Statistical control method based on optimal control theory with state observer for active suspension system
Konferenz: MEMAT 2022 - 2nd International Conference on Mechanical Engineering, Intelligent Manufacturing and Automation Technology
07.01.2022 - 09.01.2022 in Guilin, China
Tagungsband: MEMAT 2022
Seiten: 4Sprache: EnglischTyp: PDF
Autoren:
Wu, Jianwei (School of Mechanical Engineering, Southeast University, Nanjing, China & School of Mechanical and Electrical Engineering, Guilin University of Electronic Technology, Guilin, China)

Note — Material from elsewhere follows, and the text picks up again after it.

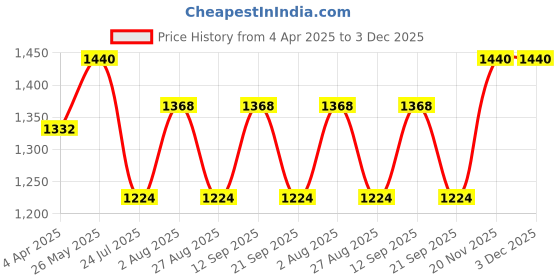 tatacliq.com showoffff SHOWOFF Green Self Design Wrap Dress showoffff Price History Graph from 4 Apr 2025 to 3 Dec 2025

Jiang, Qiubo; Fu, Qidi; Sun, Beibei (School of Mechanical Engineering, Southeast University, Nanjing, China)
Inhalt:
This paper proposes the statistical control method based on linear quadratic regulation (LQR) for active suspension system, to improve the actuator’ life and reduce the influence of using state observer. Statistic control law with the luenberger observer based on LQR is derived by considering the statistical length and the bandwidth of the actuator. The control law is calculated by the statistical value of the input and output combining with the bandwidth of the actuator, not by the realtime state at any time, which reduces the influence of active suspension system from the state observer, noise and uncertianty. Simulation results demonstrates the effectiveness of the proposed control method under the minimum performance degradation, achieving an improvement in the energy input and actuator life, and also reducing the influence of using state observer. This statistical control provides a effective method for reducing the uncertainties from the real suspension system.